- Date: June 9, 2022
- Presenters: Melisa Rauseo; Jesús De Alva; Gabriela de la Cruz; Alejandro Carreño; Ronald Sanoja;
- Entertainment: Luis Fernando Borja; Lion Lázaro; Jennifer Moya;
- Venue: Junín Theatre, Caracas, Venezuela
- Broadcaster: International: DirecTV; Official broadcaster: Globovisión;
- Entrants: 13 (Miss) 11 (Mister)
- Placements: 8 (Miss & Mister)
- Winner: Selene Delgado Miranda Jorge Eduardo Núñez Zulia

= Supranational Venezuela 2022 =

3rd Supranational Venezuela pageant

Supranational Venezuela 2022 was the third Supranational Venezuela pageant. It was held at the Junín Theatre in Caracas, Venezuela on June 9, 2022.

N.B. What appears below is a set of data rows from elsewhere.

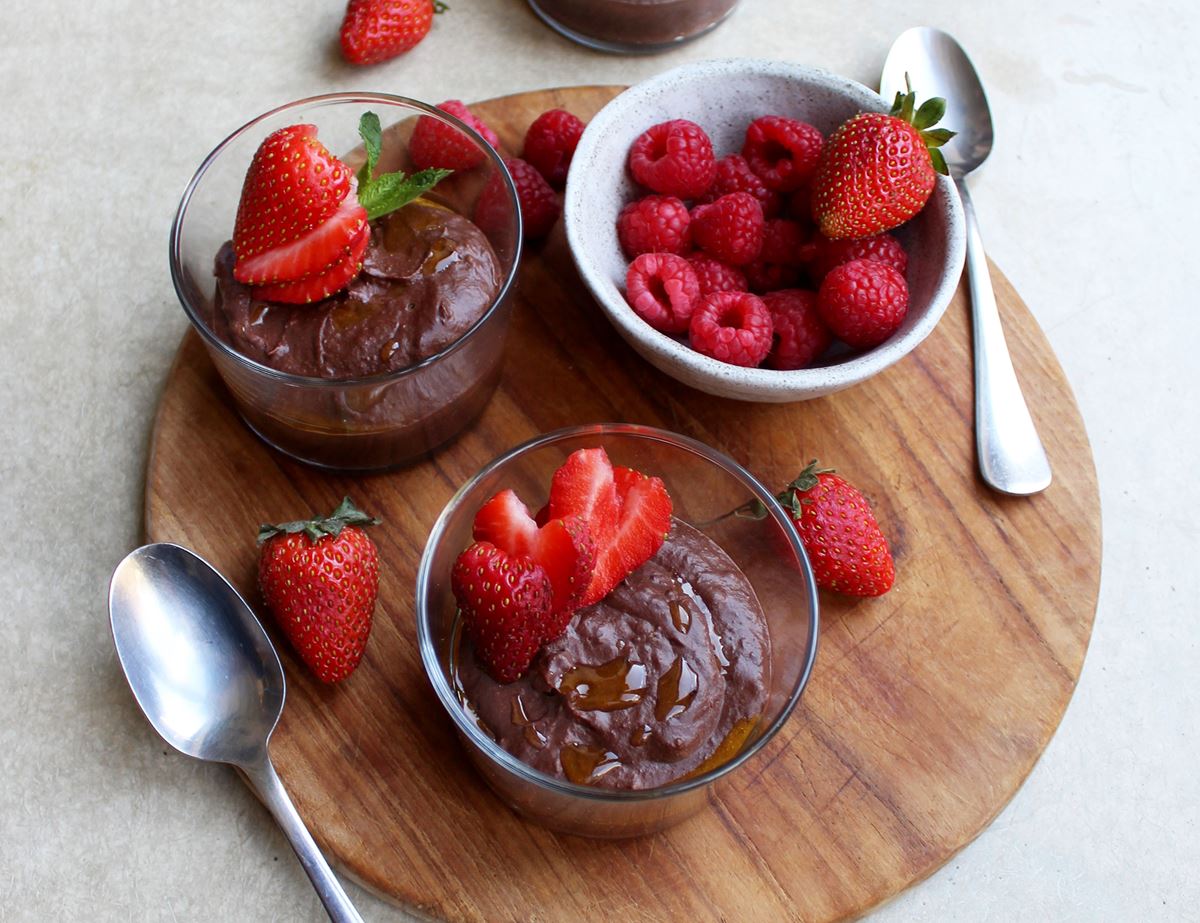 Chocolate, Coffee & Avocado Pots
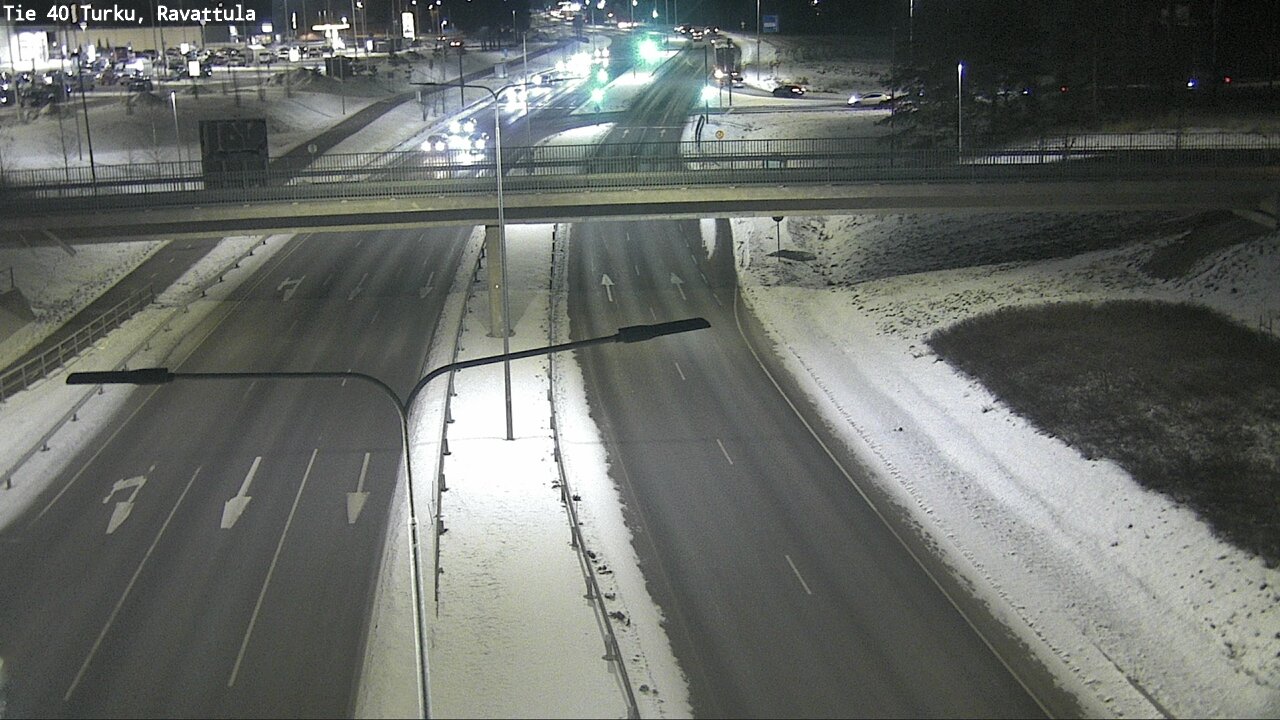 Weather Camera Image Road 40 Kaarina, Ravattula, Kaarina, Varsinais-Suomi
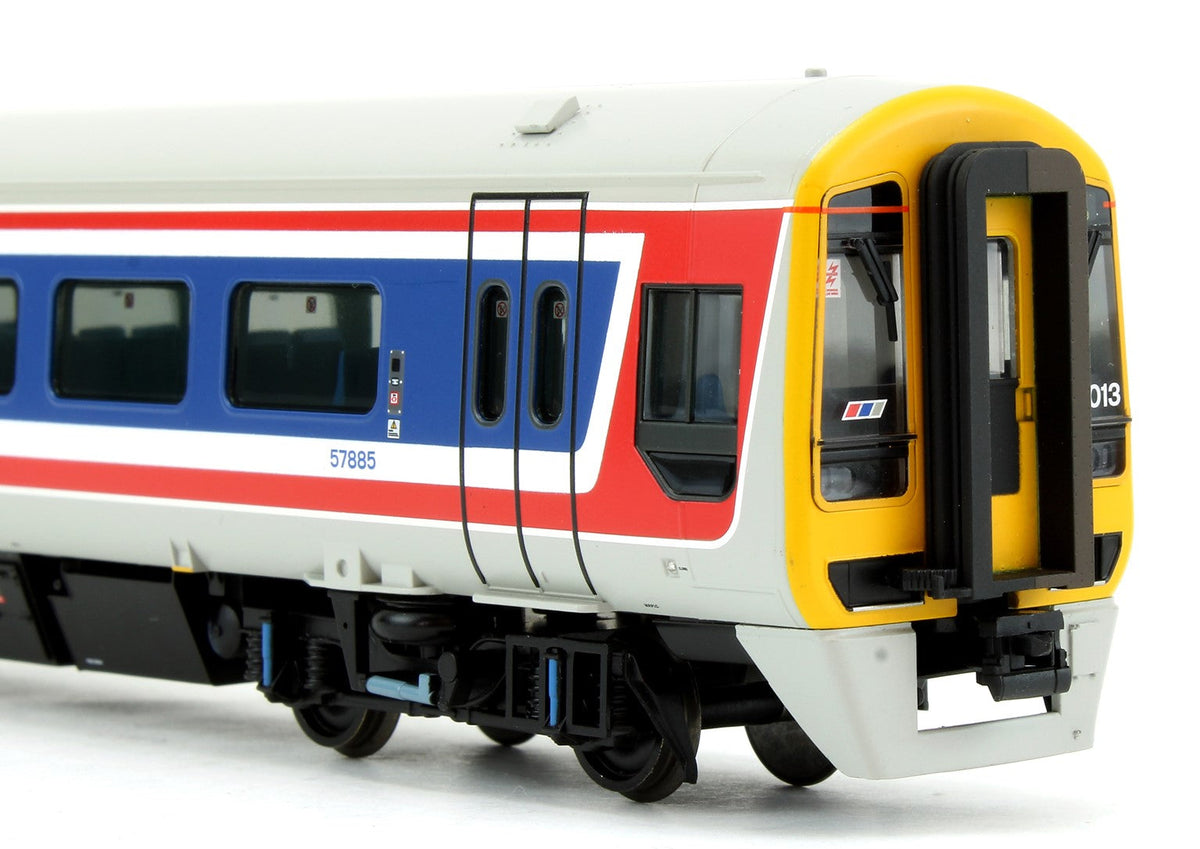 Pre-Owned 31-520 Class 159 3-Car DMU 159013 BR Network SouthEast (Revised)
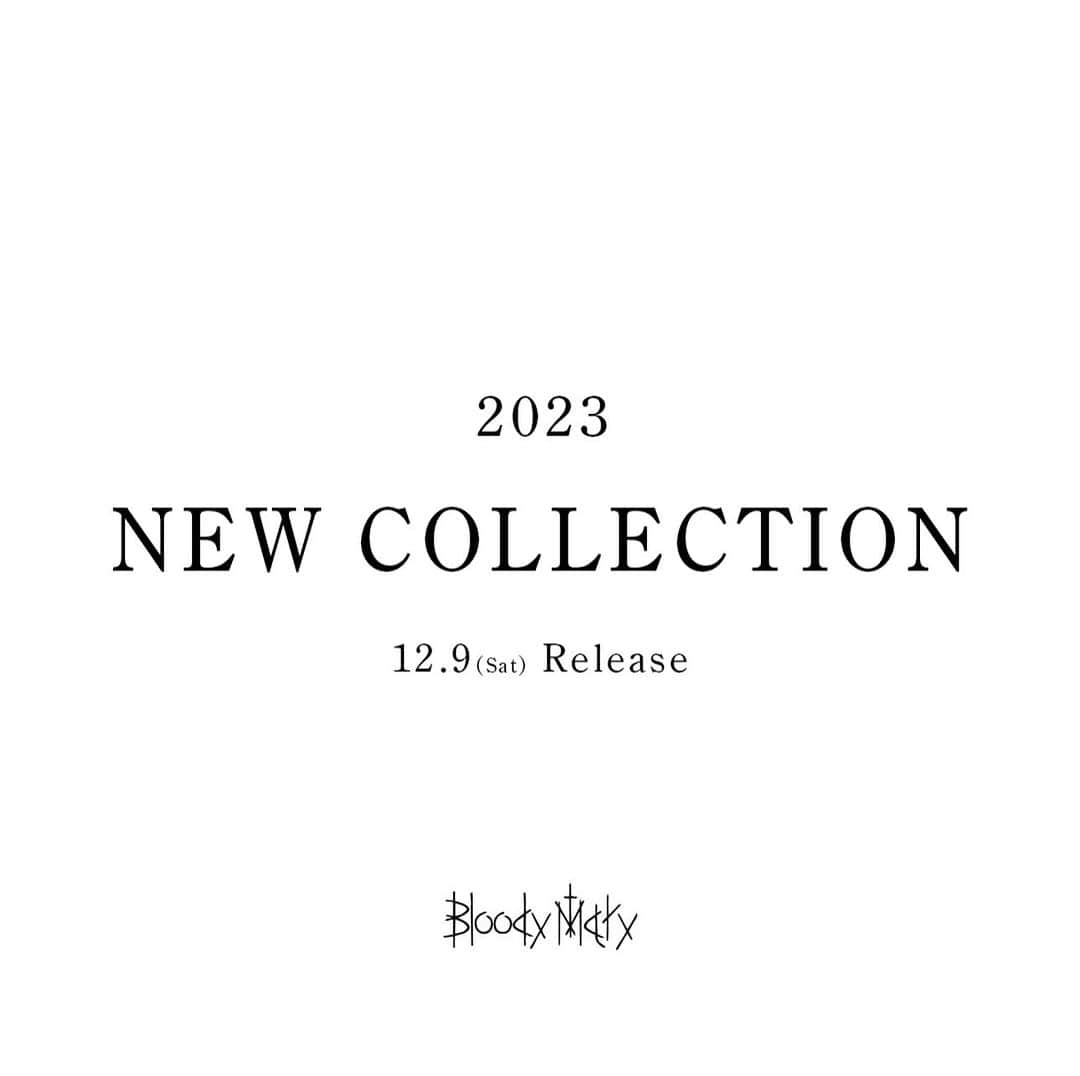 ブラッディマリーのインスタグラム：「" 【Bloody Mary 2023 New Collection 発売日のお知らせ】  2023年Catastropheコレクション第3弾「Deimos(デイモス)」を下記の日程にて発売いたします。  【全国発売】  発売日：12月9日(土)  発売店舗：全国の取り扱い店舗/ジュエリーコネクション ニューコレクションの詳細については、特設サイトよりご覧くださいませ。  【公開予定日：12月6日(水）12:00～】  #bloodymaryjewelry #bloodymary #jewelry #silver #fashion #jewelryporn #jewelrydesign #jewelrygram #accessory #accessories #silverjewelry #ブラッディマリー #シルバーアクセサリー#fashionjewelry #シルバー #アクセサリー#japanmade# 血腥瑪麗#血腥瑪麗珠寶＃血腥瑪麗銀飾#銀飾#天然石＃飾品#珠寶＃日本品牌」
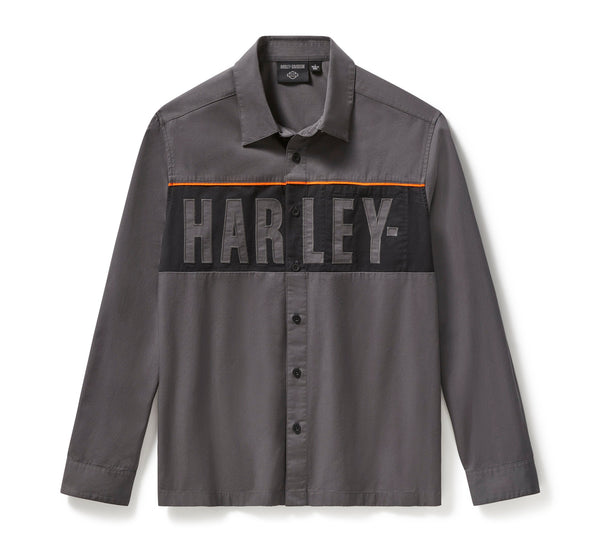 Men's Essential Long Sleeve Mechanics Shirt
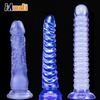 Дилдо Игрушки для взрослых Эротическая мягкая сильная присоска Синий дилдо Анальная пробка Реалистичный пенис G-spot Оргазм Секс-игрушки для женщин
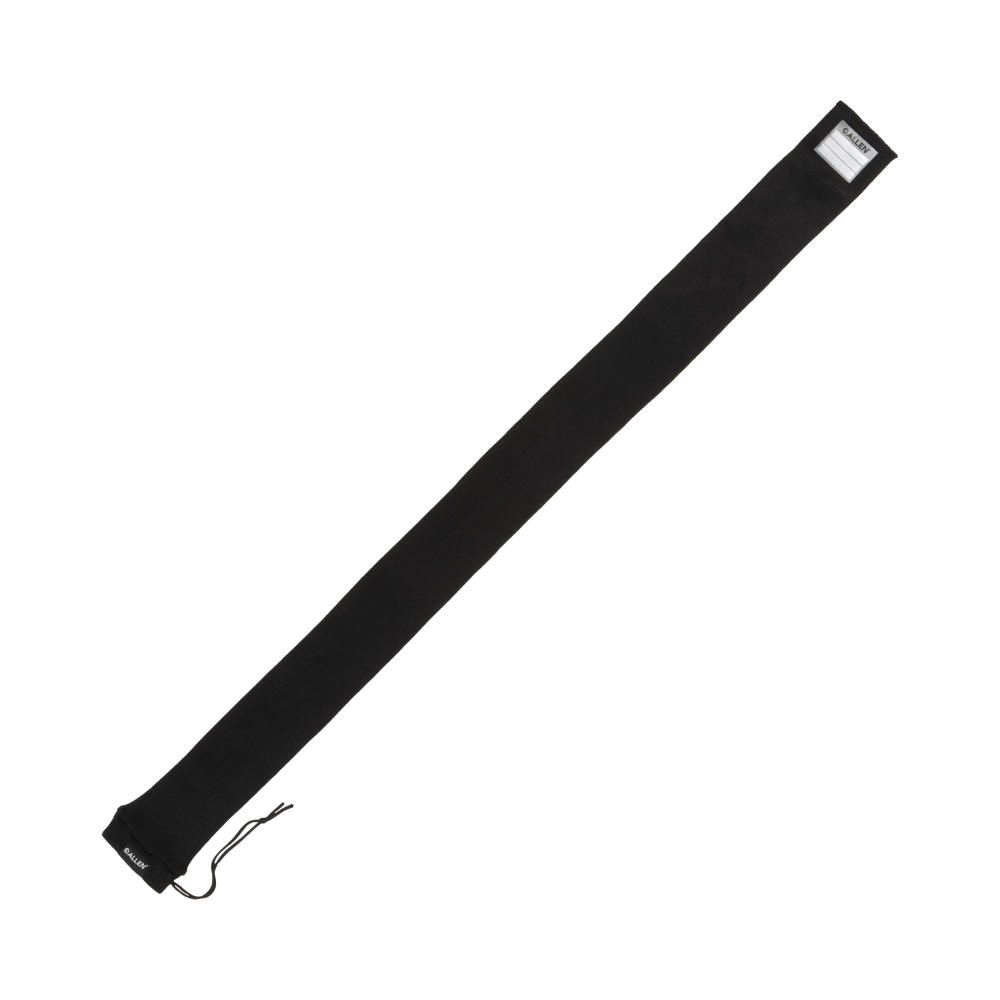 Allen Silicone-Treated Stretch Knit Gun Sock with Writeable ID Label - Black, Firearm Care - 13173
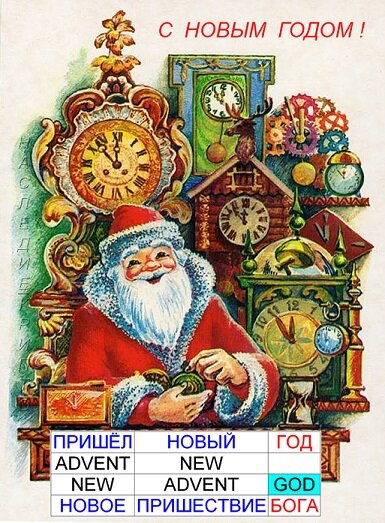 ГОД – GOD – БОГ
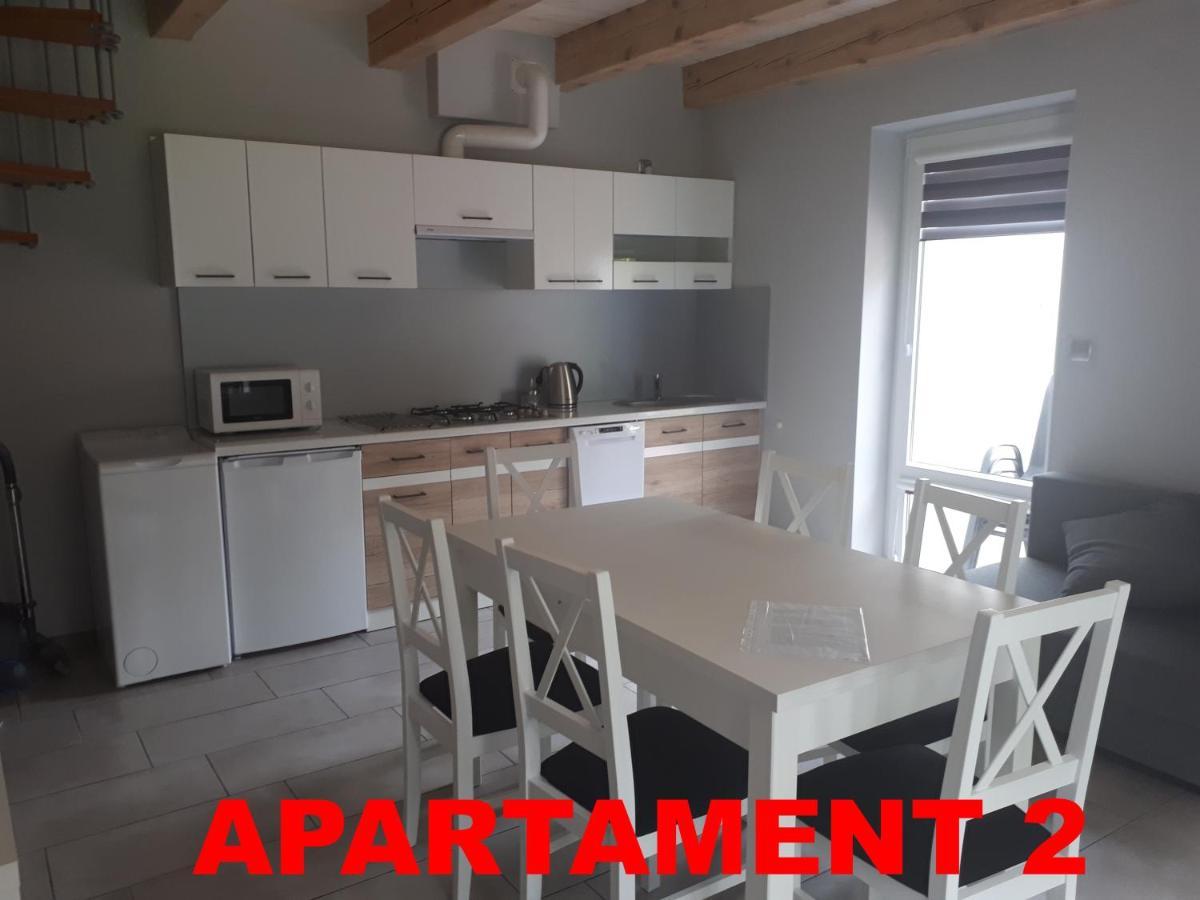 Kopalino Apartamenty Nad Morzem Exteriör bild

At the end of the event, Valentina Sánchez of Nueva Esparta crowned her successor Selene Delgado of Miranda as Miss Supranational Venezuela 2023. She represented Venezuela at the Miss Supranational 2023 pageant placing in the Top 24.

At the same time, Ismelys Velásquez of La Guaira was appointed as Miss Supranational Venezuela 2022. She represented Venezuela at the Miss Supranational 2022 pageant placing as 4th runner-up.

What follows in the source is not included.